Background information
- Origin: Louisiana
- Genres: CCM, southern gospel, adult contemporary
- Occupations: Singers, musicians
- Years active: 1995 - 2012
- Labels: SonSound, SonSound Masterpiece, Chapel
- Past members: Brent Swanner Kenneth Swanner Landon Thompson Daniel Steele Philip Bergeron Nathan Thompson

= Testify (Christian band) =

American band

Testify was a Southern Gospel/Contemporary Christian vocal band founded by two brothers, Kenneth Swanner and Brent Swanner in 1995. The band performed at the Southern Baptist Convention, multiple State Baptist Conventions, Gaither Homecoming Concerts, Chick-fil-a Corporate Headquarters, Theaters in Branson, at TBN, the Grand Ole Opry, GMT and in Nashville for a concert at Lifeway Christian Resource Center of the Southern Baptist Convention. In October 2001 Testify performed at the Roy Acuff Theater for the "Heal Our Land Benefit Concert" for the victims of 9/11.

== History ==
Brent and Kenneth Swanner grew up in a musical family and started singing at an early age. Both were heavily involved in their church and school music programs. Out of college, Kenneth joined The Continental Singers and toured several years all over the world. Meanwhile, while Brent was performing in a school musical, he was discovered by Waine Self, founder of the Southern Gospel group, Higher Kingdom In 1994, Brent and Kenneth collaborated at a Youth Evangelism Conference and "Testify" was born. Brent and Kenneth officially formed "Testify" in February 1995. After months of concerts with just the two of them they added an old college buddy, Daniel Steele to sing the baritone. They recorded an Independent, Self Titled album at a local studio in 1995. In 1996 Testify won The Albert E Brumley Memorial Gospel Singing Contest in Springdale, AR. A year later Daniel Steele moved to bass and Philip Bergeron took over the baritone. In the meantime, Testify signed with Son Sound Music Group and recorded, Testify Self Titled, produced by Danny Funderburk of The Cathedral Quartet fame. Testify then released their first single ever, "Jesus Left Heaven for Me" and garnered major radio play and some chart success. In 1997, Son Sound Music Group promoted Testify to their major label, Son Sound Masterpiece and Testify recorded Ready to Serve, produced by Danny Funderburk and Lari Goss.
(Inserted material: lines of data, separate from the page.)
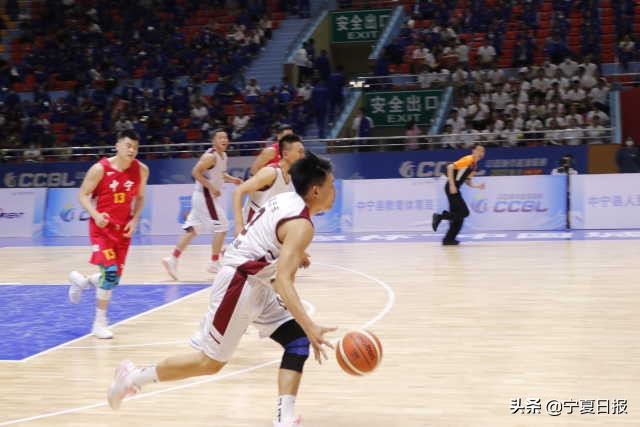 中国城市篮球联赛宁夏选拔赛激战正酣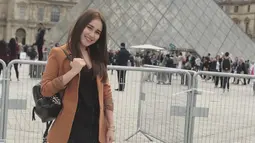 Menjelang musim panas di Paris, Ayu Ting Ting memilih untuk liburan ke sana dan jalan-jalan ke pusat kota. Tempat selanjutnya yang ia kunjungi adalah Musée du Louvre. (Liputan6.com/IG/@ayutingting92)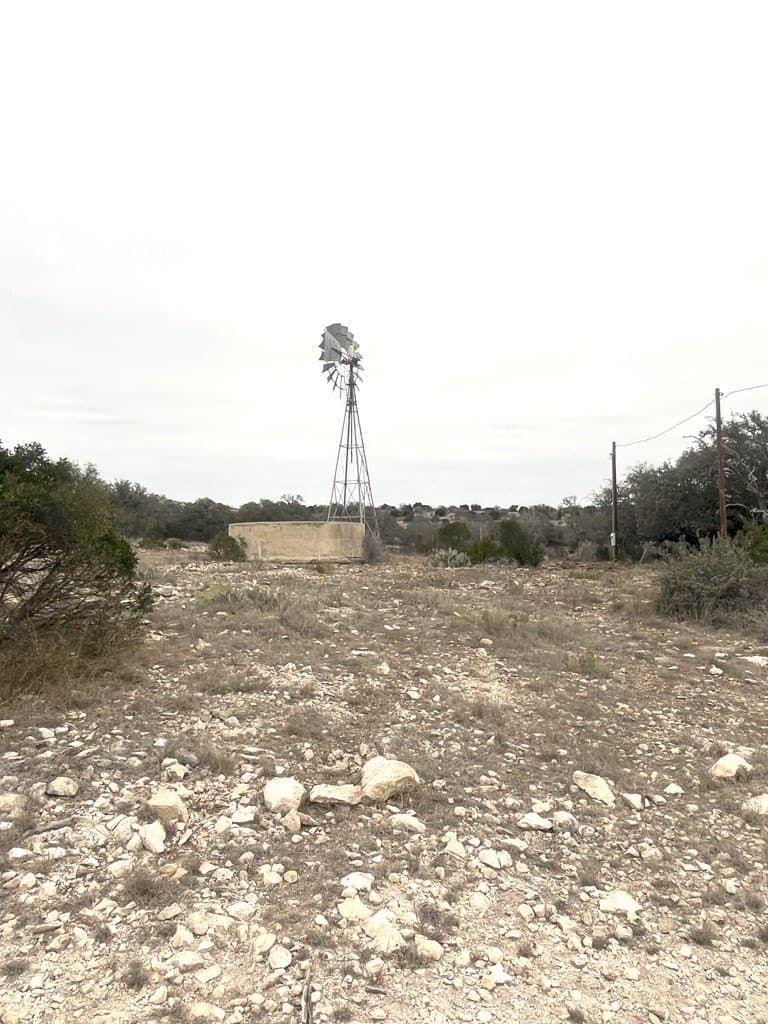 34.27 acres in Edwards County featured view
In 1999, Landon Thompson joined the group and Testify began working with Grammy Award nominee and Dove Award winning producer, Michael Sykes. Michael produced two recordings for Testify. They are called, Something Worth Living For and Keep Walking. Something Worth Living For included Testify's first ever Top 40 song, "He's Still Keeping Me". Testify and Michael Sykes second collaboration, Keep Walking, produced Testify's first Top 10 single, "Doubter To A Shouter".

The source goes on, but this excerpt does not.